Problem: Would you quote the material below from its first line through the line containing "عکس گرده کبوتر خوان", exactly and with both ends included?

Input records:

····················

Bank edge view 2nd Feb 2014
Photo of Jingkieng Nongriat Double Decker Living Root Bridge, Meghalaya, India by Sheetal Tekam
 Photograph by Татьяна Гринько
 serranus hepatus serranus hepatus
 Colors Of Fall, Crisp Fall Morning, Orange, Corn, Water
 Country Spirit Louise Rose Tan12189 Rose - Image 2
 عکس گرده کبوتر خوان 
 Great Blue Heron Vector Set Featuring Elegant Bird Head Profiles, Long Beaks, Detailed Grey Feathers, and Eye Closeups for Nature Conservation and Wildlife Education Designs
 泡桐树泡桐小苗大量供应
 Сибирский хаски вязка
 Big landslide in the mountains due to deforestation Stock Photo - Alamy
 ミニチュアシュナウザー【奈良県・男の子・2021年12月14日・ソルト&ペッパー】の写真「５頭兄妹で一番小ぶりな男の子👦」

····················

Solved problem:
Bank edge view 2nd Feb 2014
Photo of Jingkieng Nongriat Double Decker Living Root Bridge, Meghalaya, India by Sheetal Tekam
 Photograph by Татьяна Гринько
 serranus hepatus serranus hepatus
 Colors Of Fall, Crisp Fall Morning, Orange, Corn, Water
 Country Spirit Louise Rose Tan12189 Rose - Image 2
 عکس گرده کبوتر خوان 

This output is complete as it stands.